▶ **TASK OBJECTIVE**: Please reproduce the data exactly and omit the pictures.

[Short web captions]

***

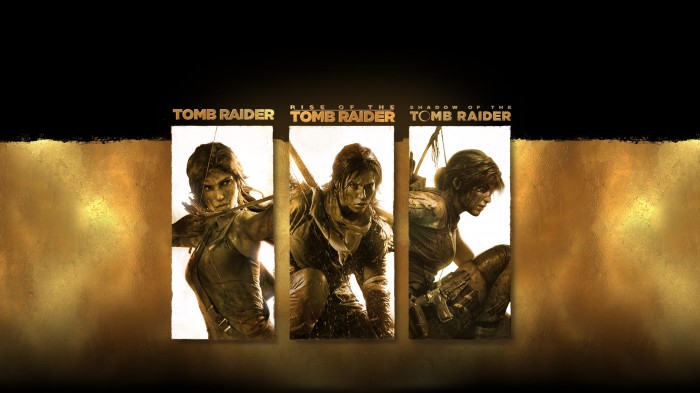 Tomb Raider: Definitive Survivor Trilogy dostpne w sklepach PlayStation oraz Xbox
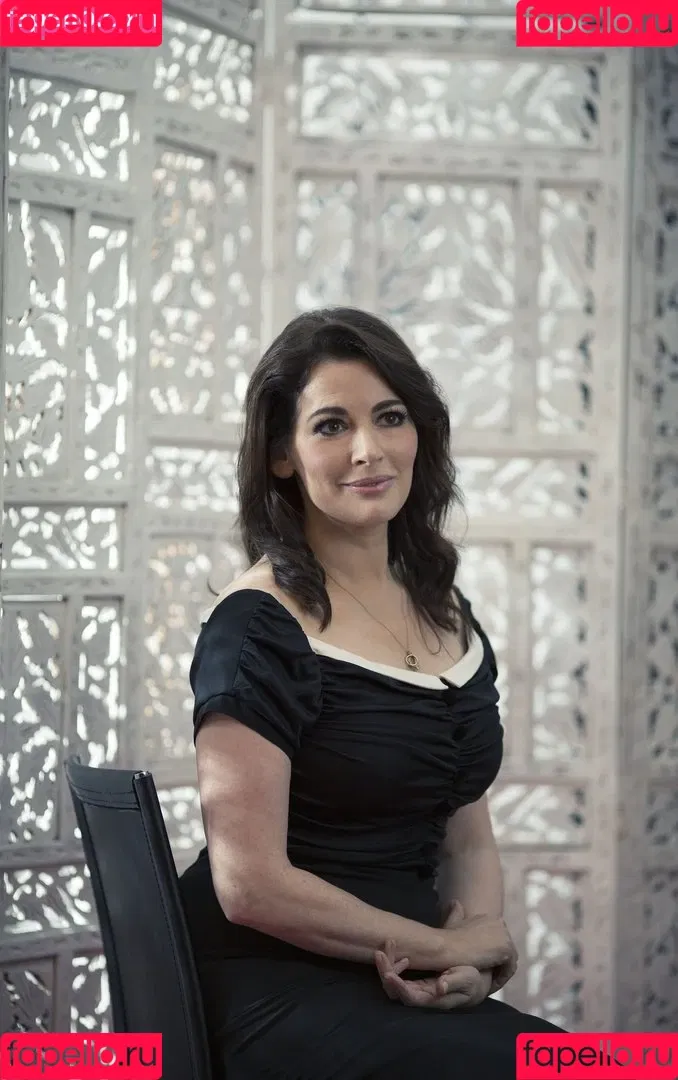 Nigella Lawson / nigellalawson Onlyfans Photo Gallery 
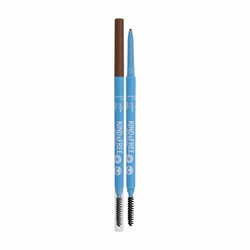Rimmel Olovka za obrve Kind&Free, 003 Warm Brown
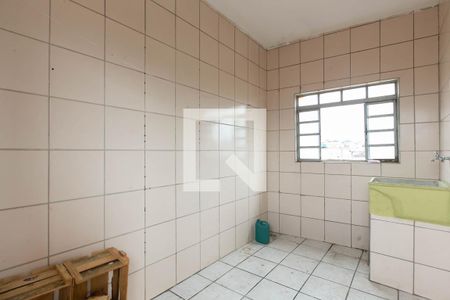 Apartamento para alugar com 40m², 1 quarto e sem vagaÁrea de Serviço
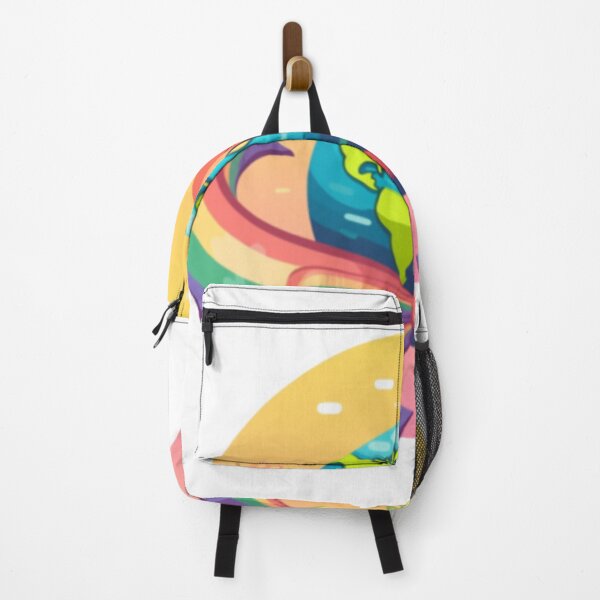 Item preview, LGBTQ World designed and sold by BrokeRun.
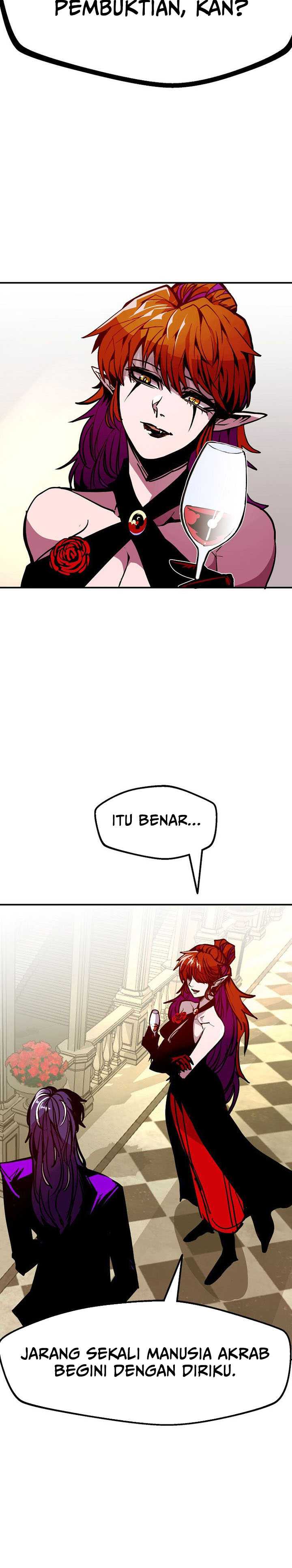 Worthless Regression Chapter 75 halaman 7
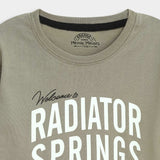 Long Sleeve T-Shirt (BKTJ-170)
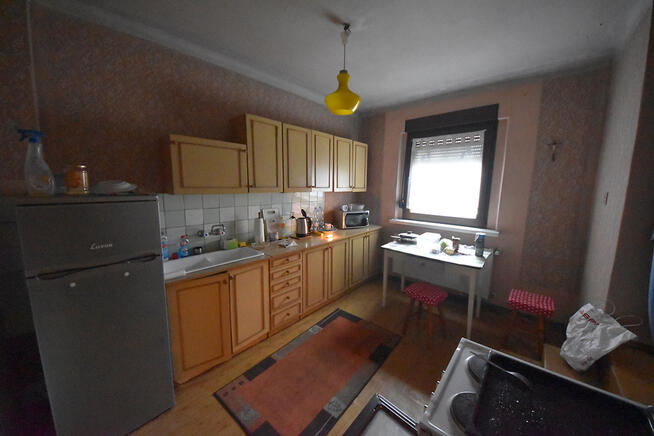 Dom wolnostojący 170 m² | Walce | 6 pok. | Garaż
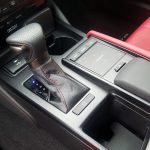 2021 Lexus ES 250 AWD F Sport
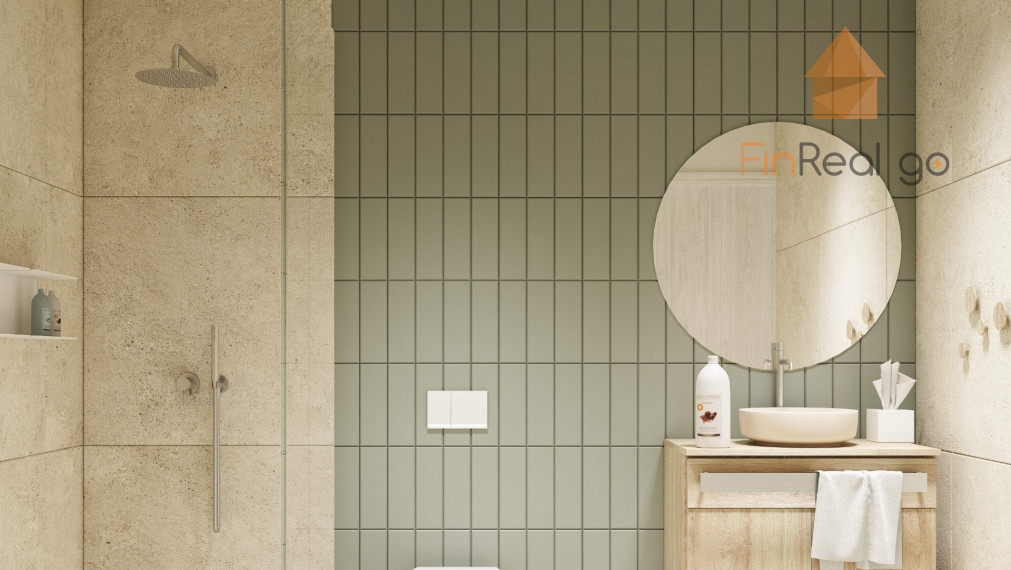 Nové Investičné apartmány MERIDIEN na Liptove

***

▶ **PROBLEM SOLUTION**:
 Tomb Raider: Definitive Survivor Trilogy dostpne w sklepach PlayStation oraz Xbox
 Nigella Lawson / nigellalawson Onlyfans Photo Gallery 
Rimmel Olovka za obrve Kind&Free, 003 Warm Brown
 Apartamento para alugar com 40m², 1 quarto e sem vagaÁrea de Serviço
 Item preview, LGBTQ World designed and sold by BrokeRun.
 Worthless Regression Chapter 75 halaman 7
 Long Sleeve T-Shirt (BKTJ-170)
 Dom wolnostojący 170 m² | Walce | 6 pok. | Garaż
 2021 Lexus ES 250 AWD F Sport
 Nové Investičné apartmány MERIDIEN na Liptove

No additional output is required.